1/s+a + 1/s+b = 1/c
solve for s
$\displaystyle \frac{1}{s + a} + \frac{1}{s + b} = \frac{1}{c}$
$\displaystyle \frac{s + b}{(s + a)(s + b)} + \frac{s + a}{(s + a)(s + b)} = \frac{1}{c}$
$\displaystyle \frac{s + b + s + a}{(s + a)(s + b)} = \frac{1}{c}$
$\displaystyle \frac{2s + a + b}{s^2 + (a + b)s + ab} = \frac{1}{c}$
$\displaystyle c(2s + a + b) = s^2 + (a + b)s + ab$
$\displaystyle 2cs + ac + bc = s^2 + (a + b)s + ab$
$\displaystyle 0 = s^2 + (a + b - 2c)s + ab - ac - bc$.
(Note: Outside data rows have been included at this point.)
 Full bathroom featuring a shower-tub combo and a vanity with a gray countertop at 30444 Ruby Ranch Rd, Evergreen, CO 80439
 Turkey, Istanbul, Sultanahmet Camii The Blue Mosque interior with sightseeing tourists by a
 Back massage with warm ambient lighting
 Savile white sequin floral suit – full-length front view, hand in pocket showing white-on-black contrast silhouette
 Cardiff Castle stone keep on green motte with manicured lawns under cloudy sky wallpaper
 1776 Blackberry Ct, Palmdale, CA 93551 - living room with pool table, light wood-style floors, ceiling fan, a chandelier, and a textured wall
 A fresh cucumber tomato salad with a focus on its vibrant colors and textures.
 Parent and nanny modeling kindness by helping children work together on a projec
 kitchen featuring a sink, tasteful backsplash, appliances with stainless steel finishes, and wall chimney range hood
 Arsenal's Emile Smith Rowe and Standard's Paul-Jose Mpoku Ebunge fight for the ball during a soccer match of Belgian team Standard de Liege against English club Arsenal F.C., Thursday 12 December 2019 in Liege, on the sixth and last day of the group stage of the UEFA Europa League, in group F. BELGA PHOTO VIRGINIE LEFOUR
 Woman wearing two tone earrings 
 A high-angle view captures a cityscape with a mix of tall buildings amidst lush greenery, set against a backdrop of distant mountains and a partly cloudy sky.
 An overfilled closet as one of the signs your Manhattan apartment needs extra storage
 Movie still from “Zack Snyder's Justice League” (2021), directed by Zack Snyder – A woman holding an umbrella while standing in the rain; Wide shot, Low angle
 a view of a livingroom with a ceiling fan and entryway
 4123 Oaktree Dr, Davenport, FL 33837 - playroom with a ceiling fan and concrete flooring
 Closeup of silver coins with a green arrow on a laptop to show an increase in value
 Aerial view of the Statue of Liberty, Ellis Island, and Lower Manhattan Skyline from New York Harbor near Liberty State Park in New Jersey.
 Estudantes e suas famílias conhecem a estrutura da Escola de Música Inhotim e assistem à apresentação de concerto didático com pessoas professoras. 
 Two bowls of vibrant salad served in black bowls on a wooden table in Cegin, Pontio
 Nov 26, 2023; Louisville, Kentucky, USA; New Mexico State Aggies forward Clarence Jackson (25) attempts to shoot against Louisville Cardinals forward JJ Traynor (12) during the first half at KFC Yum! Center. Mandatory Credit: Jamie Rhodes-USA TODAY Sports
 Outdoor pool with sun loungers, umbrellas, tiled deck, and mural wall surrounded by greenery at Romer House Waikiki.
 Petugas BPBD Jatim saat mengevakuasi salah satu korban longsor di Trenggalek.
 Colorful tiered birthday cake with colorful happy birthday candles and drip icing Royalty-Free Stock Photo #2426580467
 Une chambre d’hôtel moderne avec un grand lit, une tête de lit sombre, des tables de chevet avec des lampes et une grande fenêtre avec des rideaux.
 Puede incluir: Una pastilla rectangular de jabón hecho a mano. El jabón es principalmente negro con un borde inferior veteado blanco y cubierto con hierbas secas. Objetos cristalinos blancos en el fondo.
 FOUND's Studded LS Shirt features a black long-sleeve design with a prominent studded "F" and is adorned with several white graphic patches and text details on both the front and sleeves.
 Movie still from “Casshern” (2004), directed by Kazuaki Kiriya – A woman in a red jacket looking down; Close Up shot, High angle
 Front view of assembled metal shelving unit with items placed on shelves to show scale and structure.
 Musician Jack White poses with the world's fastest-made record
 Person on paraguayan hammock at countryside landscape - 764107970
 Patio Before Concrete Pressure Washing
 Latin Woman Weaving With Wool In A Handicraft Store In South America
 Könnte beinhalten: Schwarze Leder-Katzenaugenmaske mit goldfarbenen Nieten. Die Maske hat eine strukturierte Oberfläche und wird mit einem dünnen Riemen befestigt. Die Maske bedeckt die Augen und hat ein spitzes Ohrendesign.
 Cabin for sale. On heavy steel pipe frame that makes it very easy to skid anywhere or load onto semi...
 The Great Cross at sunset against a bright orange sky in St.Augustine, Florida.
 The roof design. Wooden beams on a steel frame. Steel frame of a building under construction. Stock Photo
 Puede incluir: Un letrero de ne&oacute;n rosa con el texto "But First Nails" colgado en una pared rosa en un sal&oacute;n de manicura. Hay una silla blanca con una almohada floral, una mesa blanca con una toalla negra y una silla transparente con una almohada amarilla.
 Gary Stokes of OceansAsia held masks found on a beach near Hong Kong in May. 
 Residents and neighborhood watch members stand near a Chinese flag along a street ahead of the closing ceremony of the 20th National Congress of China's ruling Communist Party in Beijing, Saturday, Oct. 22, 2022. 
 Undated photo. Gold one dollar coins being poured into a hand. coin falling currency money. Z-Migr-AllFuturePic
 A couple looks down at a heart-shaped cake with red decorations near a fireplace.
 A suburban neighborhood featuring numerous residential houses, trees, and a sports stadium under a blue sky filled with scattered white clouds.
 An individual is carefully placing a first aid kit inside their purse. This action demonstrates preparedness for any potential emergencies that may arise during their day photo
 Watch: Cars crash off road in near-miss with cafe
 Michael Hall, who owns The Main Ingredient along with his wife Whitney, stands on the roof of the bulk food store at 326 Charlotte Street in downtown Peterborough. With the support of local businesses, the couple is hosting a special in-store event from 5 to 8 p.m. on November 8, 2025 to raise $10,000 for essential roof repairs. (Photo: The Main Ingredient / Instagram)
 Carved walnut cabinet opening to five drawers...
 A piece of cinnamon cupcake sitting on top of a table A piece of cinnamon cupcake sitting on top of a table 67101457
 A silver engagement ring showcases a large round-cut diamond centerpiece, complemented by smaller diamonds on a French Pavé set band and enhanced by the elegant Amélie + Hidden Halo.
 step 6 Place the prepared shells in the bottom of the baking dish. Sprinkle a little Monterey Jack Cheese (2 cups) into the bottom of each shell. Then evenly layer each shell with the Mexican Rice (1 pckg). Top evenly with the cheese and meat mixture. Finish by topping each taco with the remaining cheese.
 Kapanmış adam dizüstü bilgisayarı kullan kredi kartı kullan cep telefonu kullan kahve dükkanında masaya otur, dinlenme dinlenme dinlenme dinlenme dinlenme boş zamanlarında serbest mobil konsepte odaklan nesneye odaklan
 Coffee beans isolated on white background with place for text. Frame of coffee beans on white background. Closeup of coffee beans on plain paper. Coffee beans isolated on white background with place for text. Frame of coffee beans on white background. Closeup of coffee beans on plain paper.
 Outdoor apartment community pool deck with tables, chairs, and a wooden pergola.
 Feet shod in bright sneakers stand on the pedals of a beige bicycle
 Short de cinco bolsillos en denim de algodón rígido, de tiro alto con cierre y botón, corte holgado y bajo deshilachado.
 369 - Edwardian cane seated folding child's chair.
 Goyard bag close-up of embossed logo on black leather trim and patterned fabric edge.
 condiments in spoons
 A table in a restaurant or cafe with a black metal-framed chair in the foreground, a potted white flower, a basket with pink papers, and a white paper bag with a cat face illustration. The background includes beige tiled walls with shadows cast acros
Now solve using the Quadratic Formula...
No, the OP is asking what is a, b, and c in the quadratic formula. So in the equation
$\displaystyle s^2 + (a + b - 2c)s + ab - ac - bc = 0$
"a" is 1,
"b" is a + b - 2c, and
"c" is ab - ac - bc.
So the setup would be
$\displaystyle s = \frac{-(a + b - 2c) \pm \sqrt{(a + b - 2c)^2 - 4(1)(ab - ac - bc)}}{2(1)}$
...